Kluczowa jest kwestia taryfy energetycznej. Dla gospodarstw domowych dostępne są trzy główne taryfy: G11, G12 oraz G13.
W taryfie G11 opłata wynosi maksymalnie 1,03 zł za 1 kWh i jest stała przez całą dobę. Tyle właśnie typowa pralka zużywa w ciągu godziny pracy, co oznacza, że dwugodzinne pranie kosztować będzie nieco ponad 2 zł.

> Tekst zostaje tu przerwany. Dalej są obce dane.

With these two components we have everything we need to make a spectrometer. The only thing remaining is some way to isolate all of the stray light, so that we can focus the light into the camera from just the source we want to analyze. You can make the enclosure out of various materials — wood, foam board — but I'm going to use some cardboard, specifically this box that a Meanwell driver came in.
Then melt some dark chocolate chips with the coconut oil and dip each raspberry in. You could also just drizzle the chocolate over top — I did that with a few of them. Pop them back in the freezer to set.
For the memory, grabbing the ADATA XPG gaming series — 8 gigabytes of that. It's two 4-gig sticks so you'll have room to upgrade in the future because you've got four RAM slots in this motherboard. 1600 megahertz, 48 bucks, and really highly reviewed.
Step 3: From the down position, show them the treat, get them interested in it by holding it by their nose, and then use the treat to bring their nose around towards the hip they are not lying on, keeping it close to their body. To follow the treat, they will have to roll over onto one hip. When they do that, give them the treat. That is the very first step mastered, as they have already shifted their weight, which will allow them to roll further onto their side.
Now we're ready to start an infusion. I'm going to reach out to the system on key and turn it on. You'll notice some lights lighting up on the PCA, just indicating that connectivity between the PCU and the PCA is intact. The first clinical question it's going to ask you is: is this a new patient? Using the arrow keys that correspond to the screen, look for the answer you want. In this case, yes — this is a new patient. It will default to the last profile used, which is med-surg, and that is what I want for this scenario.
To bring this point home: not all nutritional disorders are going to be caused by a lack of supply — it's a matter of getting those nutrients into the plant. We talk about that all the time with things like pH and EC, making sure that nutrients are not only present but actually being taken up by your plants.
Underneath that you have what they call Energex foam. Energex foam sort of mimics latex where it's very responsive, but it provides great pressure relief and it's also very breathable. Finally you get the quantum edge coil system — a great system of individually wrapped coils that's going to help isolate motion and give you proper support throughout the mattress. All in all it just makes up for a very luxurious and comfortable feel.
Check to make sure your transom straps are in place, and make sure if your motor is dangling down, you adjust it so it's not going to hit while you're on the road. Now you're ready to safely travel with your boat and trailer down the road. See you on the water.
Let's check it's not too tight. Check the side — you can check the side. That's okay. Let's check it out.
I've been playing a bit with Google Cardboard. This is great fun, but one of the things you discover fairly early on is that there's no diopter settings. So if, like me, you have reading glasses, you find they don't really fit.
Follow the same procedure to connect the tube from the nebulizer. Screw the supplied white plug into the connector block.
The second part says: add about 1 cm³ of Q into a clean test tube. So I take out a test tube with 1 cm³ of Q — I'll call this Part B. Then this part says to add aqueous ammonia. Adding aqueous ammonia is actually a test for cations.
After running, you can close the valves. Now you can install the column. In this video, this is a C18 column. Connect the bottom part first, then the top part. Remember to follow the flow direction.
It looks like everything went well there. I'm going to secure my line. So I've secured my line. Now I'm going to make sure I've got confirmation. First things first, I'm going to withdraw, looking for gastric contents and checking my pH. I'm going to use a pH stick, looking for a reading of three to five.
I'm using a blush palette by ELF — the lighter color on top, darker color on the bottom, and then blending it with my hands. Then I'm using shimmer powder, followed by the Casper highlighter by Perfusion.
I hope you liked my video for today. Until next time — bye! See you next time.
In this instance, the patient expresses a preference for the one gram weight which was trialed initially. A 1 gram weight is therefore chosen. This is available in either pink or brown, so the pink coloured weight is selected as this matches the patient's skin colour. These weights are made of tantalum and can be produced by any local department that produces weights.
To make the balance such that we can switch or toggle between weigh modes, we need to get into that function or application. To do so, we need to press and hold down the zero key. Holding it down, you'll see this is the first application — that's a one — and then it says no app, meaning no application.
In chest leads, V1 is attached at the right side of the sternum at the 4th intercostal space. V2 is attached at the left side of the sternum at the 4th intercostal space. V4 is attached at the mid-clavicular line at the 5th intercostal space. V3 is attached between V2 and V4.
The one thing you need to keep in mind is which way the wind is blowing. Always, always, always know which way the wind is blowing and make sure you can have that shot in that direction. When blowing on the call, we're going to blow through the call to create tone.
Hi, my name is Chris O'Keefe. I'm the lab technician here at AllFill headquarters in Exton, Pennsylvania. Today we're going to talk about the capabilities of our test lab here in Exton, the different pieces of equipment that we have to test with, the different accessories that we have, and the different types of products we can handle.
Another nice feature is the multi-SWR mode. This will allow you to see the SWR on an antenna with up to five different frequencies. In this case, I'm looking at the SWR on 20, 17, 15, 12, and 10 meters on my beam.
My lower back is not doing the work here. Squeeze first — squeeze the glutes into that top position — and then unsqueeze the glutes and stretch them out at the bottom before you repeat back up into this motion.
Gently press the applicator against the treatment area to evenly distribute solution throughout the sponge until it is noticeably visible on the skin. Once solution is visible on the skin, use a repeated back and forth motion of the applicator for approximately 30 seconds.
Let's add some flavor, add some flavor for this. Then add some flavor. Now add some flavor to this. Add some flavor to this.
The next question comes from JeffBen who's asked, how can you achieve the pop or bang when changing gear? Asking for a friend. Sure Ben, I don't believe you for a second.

W tych godzinach najlepiej robić pranie
Nieco inaczej wygląda sytuacja w przypadku dwóch pozostałych taryf. Tu decydującą rolę odgrywa pora dnia, w której zdecydujemy się na pranie. Taryfa G12 – jak przypomina Interia.pl – dzieli się na strefę szczytową i pozaszczytową – kiedy urządzenia zużywają tańszą energię, co przekłada się kolejno na wysokość opłat. Tańsza strefa kosztuje 0,32 zł, zaś droższa 0,62 zł za kWh. Szczyt przedpołudniowy przypada w godzinach 6.00 – 13.00, zaś popołudniowy od 15.00 do 22.00. Tańszy prąd dostępny jest zatem w godzinach 13.00 – 15.00 oraz od 22.00 do 6.00. Nie są to zatem godziny w których najczęściej korzystamy z pralki (jesteśmy w pracy, śpimy), ale jeśli nadarzy się taka możliwość to pamiętajmy, że mamy możliwość obniżenia rachunków za prąd nawet o połowę. Podobnie jest z korzystaniem z innych urządzeń elektrycznych, jak: płyta indukcyjna, czy odkurzacz itp. Wykonując prace domowe w godzinach od 13-15 lub późnym wieczorem po godzinie 22.00 – można zaoszczędzić.
W przypadku taryfy G13 istotna jest również pora roku. W okresie od kwietnia do marca prąd jest najtańszy w godzinach od 13.00 do 19.00 oraz od 22.00 do 7.00, zaś w sezonie jesienno-zimowym od 13.00 do 16.00 oraz 21.00 do 7.00.